A tenured friendship

FOR me the daily congressional routine is a series of private events, taking place far from the public eye. At times I examine why I'm still in the political game and not somewhere else, like on a fishing dock, or driving a truck, or directing research for a consulting company on the Beltway. A host of noble motivations cross my mind, most of them having to do with my commitment to public service. But they don't ring true. They're self-serving and far removed from my friendship with the senator I work for -- a friendship that always comes back as a primary reason for hanging around.

Last November, my friend won a second term in the Senate, but I seldom think of him as a national figure. I continue to see him as a pal whose short pants and scruffy US Keds are part of my own experience. We grew up together in Arkansas. Our mothers grew up together, too, and our fathers were both involved in local politics for many years.

I have worked for this friend since he was first elected governor of the state in 1974. Even earlier than that, I wrote occasional speeches for him during his time in the House, and if you really went back you'd find me reporting for his newspaper in the late '50s, when he was struggling to establish a political base.

I came to his office from a university English department. (The transition from teaching fiction to writing political speeches was easier than it should have been.) My colleagues thought I was crazy to give up academic tenure for the vagaries of a political job, but I argued that if you have tenure in a place you don't like, you don't have anything.

Some of those colleagues assumed that I had political ambitions of my own. Why else would anyone enter politics?

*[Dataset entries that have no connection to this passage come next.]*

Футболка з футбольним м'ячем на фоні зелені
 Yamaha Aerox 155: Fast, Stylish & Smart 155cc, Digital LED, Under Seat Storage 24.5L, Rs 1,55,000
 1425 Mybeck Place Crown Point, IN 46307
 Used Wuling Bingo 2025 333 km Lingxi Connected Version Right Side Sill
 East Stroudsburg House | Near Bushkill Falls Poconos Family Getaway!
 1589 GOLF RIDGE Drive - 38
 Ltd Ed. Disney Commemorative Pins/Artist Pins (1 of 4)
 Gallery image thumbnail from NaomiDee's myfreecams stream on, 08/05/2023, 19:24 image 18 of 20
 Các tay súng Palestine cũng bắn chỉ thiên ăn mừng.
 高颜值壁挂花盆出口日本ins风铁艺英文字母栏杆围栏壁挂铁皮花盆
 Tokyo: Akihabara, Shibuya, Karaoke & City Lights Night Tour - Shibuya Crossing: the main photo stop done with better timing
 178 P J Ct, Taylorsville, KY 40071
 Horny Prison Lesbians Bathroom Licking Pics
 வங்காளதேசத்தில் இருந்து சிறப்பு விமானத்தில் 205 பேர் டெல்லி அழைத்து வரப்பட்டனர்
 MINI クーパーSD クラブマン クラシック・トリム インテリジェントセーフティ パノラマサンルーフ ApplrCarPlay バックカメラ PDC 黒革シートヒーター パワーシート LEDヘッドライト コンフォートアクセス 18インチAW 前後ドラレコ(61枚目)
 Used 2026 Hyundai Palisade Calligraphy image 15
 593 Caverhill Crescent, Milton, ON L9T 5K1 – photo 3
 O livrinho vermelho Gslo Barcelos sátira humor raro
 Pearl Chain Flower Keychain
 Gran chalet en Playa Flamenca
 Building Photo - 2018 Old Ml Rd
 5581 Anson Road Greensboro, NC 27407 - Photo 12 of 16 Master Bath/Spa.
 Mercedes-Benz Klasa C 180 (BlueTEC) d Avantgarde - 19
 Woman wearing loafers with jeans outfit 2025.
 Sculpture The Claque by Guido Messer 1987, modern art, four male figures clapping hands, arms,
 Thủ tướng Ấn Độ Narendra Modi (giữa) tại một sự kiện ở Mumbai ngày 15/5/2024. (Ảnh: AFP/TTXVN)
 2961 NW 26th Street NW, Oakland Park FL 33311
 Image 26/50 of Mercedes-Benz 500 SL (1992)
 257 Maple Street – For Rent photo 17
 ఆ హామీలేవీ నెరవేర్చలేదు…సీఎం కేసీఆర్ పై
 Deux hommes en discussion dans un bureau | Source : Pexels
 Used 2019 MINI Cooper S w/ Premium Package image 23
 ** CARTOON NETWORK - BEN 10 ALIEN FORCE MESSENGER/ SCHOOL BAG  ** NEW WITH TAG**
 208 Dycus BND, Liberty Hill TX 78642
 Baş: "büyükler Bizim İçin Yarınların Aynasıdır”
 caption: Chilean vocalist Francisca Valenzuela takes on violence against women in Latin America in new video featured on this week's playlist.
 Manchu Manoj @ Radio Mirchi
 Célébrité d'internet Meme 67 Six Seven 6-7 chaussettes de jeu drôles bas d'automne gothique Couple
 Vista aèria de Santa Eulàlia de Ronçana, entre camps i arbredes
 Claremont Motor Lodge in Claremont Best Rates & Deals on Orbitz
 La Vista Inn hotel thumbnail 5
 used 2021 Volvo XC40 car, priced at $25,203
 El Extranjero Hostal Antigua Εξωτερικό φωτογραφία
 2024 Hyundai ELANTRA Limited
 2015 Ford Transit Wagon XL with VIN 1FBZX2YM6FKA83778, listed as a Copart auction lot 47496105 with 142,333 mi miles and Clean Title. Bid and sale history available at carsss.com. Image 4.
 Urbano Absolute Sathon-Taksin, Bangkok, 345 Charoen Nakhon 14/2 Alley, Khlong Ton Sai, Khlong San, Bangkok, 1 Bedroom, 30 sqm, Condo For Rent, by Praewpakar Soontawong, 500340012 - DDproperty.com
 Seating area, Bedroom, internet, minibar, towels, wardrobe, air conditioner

Yet in my wildest fantasy I have never imagined running for office myself. I like working for my friend. We know what the other one is thinking on any subject, and in drafting a speech for him I'm usually sure what he will say or not say, and how and in what terms he will say it. The relationship is, well, something like the one between our fathers 40 years ago.

I can still see the two of them riding in a red pickup truck, wide panama hat brims bouncing, his father the county sheriff and mine the mayor. They could smell out a case of voting fraud like a couple of bird dogs, and when elections drew near they poised themselves for action. Both were successful in ways their children never thought possible.

His father died when my friend was starting his political career, and for a year or so he floundered, trying to find someone to take his place. Finally, in his early races for the state legislature, it was my father who filled in as political adviser. I remember the two of them sitting for hours discussing the county town by town, making predictions on how Smead or Eagle Mills would go. My father was usually right.

That's not quite true. As we saw him then, he was always right. He was The Big Man. What he said went. So it was a privilege for me to be included now and then on their agenda, a tagalong during the weeks before the vote. We regularly called the leaders of Ward 3B and checked the Cullendale boxes to make sure nobody was voting more than once.

On election night the whole town gathered in front of the newspaper office to watch the tabulations posted on a board. Our state primary was in July, which meant the air was thick and breezeless. Hot elections seemed even hotter in the sultry night.

Since there were no voting machines, and certainly no computerized results, it was possible for us to be there until long after 12 o'clock. We had radios at home, but they were distant and impersonal. The ritual called for us to congregate in the center of town and study the figures together. Despite the crowds and the milling around, it always came down to my father, the candidate, and me.

Then, somewhere in the midst of all our growing up, my father died and left us politically on our own. I recall the first big election after his death. It was in 1964, and my friend was running for his third term in the legislature. We had worked hard on his campaign. I rushed downtown to wait for the tallies to go up. Only a few of us bothered to make the trip. By 1964, the crowds were staying at home to watch television. I stood in the street feeling a rudderless uncertainty, a sense that things might never again turn out the way they should.

Things have generally turned out all right, the last election included. Still, I sometimes wonder why I'm here. Maybe staying with my friend has something to do with those hot election nights. Maybe I'm making sure that even if this election doesn't go right for us, there is still something solid that survives. Something like a lasting friendship.

Which brings me back to tenure, an academic topic I no longer think about, even after another election when the ethereal nature of my job seems especially clear. I just looked up the meaning of the word. I knew that tenure comes from the Latin tenere, meaning to hold, but I wanted to see if the definition included a guarantee that whatever is held is held forever. My dictionary fails to mention permanence, so I feel better about giving up a safe academic job for a risky political one. Nothing lasts forever.